Il y a aussi les entrants de la fast-fashion, qui sont là à matraquer, font des très petits prix, sont très performants, sur les canaux de distribution.

Des petits prix, accessibles pour tous, bien loin des 30 euros que coûtait un t-shirt basique (mais éco-responsable) de sa boutique dans le 6e arrondissement lyonnais : « Dans notre boutique, on essayait toujours de faire comprendre aux gens qu'un t-shirt à 3 euros c'est pas possible. Si vous achetez un t-shirt à 3, 5 ou 10 euros, il y a quelqu'un qui se fait forcément avoir ». Une fast-fashion, de plus en plus puissante, la faute peut-être à l'absence de définition légale, et donc de contrôle.

Même s'il reste convaincu qu'un autre modèle est possible, pour Nicolas Asbóth-Martire, l'avenir s'inscrit en pointillé : « Si on parle de l'avenir de la mode éthique à Lyon, je suis plus que mitigé [...] à cause des travaux en centre ville, même si c'est pour un résultat très beau, on n'a pas anticipé le commerce urbain. Je pense que cette mode éthique et responsable se fera plus en périphérie, car les gens se sont installés là-bas ».

L'invité de M Comme Midi · RCF Lyon« Il n'existe pas encore de définition légale de la fast fashion » Glynnis Makoundou, avocate en droit de la mode

Faire les choses autrement pour continuer à vivre 

Quand on parle mode éthique et responsable à Lyon, un détour par le "Passage Thiaffait" s'impose. Ici, c'est l'endroit où des créateurs et créatrices, soucieux de leur impact environnemental peuvent lancer leur business, avec l'aide du Textile Lab, de la Ville et de la Métropole de Lyon. Situé dans les pentes de la Croix Rousse, c'est dans l'une de ces petites boutiques que Mauguan Péniguel s'est installé en 2023. Suite à un projet étudiant, il cofonde la marque NOSC, des vêtements de sport fabriqués à base d'huile de ricin. La promesse ? Des vêtements techniques, éco-responsables, qui durent dans le temps. « La volonté de créer NOSC part d'une étude disant que la pratique sportive détruit l'environnement dans lequel on vit, car ça rejette des microplastiques, des PFAS », explique le jeune entrepreneur.

Le "Passage Thiafait", dans les pentes de la Croix-Rousse © RCF Lyon

Un concept, qui a trouvé son public, mais qui n'a pas résisté à l'étape d'après : « L'objectif était de s'ouvrir à de nouveaux pays, de nouveaux réseaux. Le problème, c'est que j'étais dans une phase où le passé et le passif était trop lourds à supporter. On est dans une industrie textile, dans le sport, et technique et éco-responsable, donc en fait ça fait beaucoup de critères qu'il faut manier. Quand on est un gros mastodonte, on a des activités à côté qui permettent de nourrir l'innovation, nous c'était le cœur même de NOSC, on n'avait pas de vente récurrente à côté ».  

Comme Les Curieux, NOSC a baissé le rideau début avril, mais le sourire reste présent sur le visage du passionné de sport et d'entrepreneuriat : «Vendre de l'éco-responsabilité, ça ne plaît plus autant. Maintenant, faut se dire qu'il y a d'autres entreprises, qui plus ou moins correctement, font du green, de l'éco-responsable, mais du coup, ce n'est plus un argument différenciant [...]. Moi je suis convaincu que si on arrive à vendre un produit, même si la personne n'a pas conscience qu'il est éco-responsable, ça veut dire qu'il il y quelque chose d'autre qui plaît. Oui pour faire de l'éco-responsable par nature, parce que c'est nécessaire, mais l'innovation est une des manières d'apporter un besoin ou une différenciation ».

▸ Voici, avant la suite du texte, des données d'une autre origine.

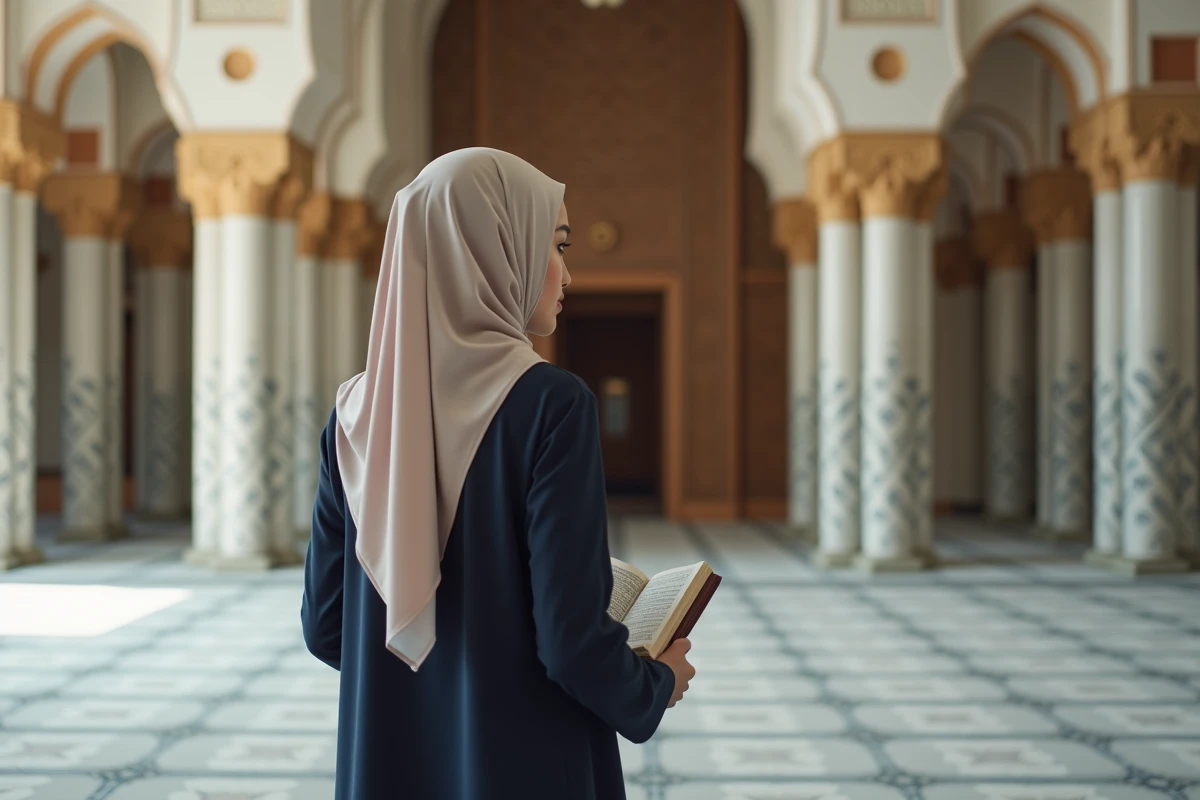 Jeune femme en abaya dans une mosquee paisible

Un avenir mitigé, mais rempli d'espoir

Ce contexte difficile n'empêche pas de nouveaux créateurs et créatrices de se lancer. Il y a 8 mois, Alizée Sabin s'est lancée avec sa marque Caybeau, des vêtements évolutifs pour bébés et enfants, à base de tissus déjà existants, de l'upcycling : « Le vêtement va être évolutif sur 3 ans, avec une coupe droite, intemporelle et des bouton- pressions » (pour ajuster à la taille de l'enfant, ndlr).

Pour une robe par exemple, comptez 59 euros, le juste prix pour la jeune créatrice : « C'est un prix que j'ai statué à partir du prix que les parents étaient prêts à mettre pour une mode enfant, en général ça peut aller entre 15 et 25 euros, j'ai ensuite pris en compte mon travail (2h30 par produit, ndlr). Si on divise le prix par trois, ça fait 19 euros une robe. J'ai vraiment essayé de trouver le juste prix pour me financer moi-même, et avoir la possibilité pour l'acheteur d'acheter facilement ».

Alizée Sabin et sa marque de vêtements "Caybeau" © RCF Lyon

Même si elle avoue son scepticisme sur l'avenir de la mode éthique et responsable à Lyon, la jeune créatrice lyonnaise garde le sourire et l'envie de se battre. Pour l'accompagner, et pour fédérer d'autres acteurs, l'association The Greener Good, travaille au quotidien avec eux, et a organisé le temps d'une soirée, l'événement "En mode éthique, la Fashion révolution à la lyonnaise".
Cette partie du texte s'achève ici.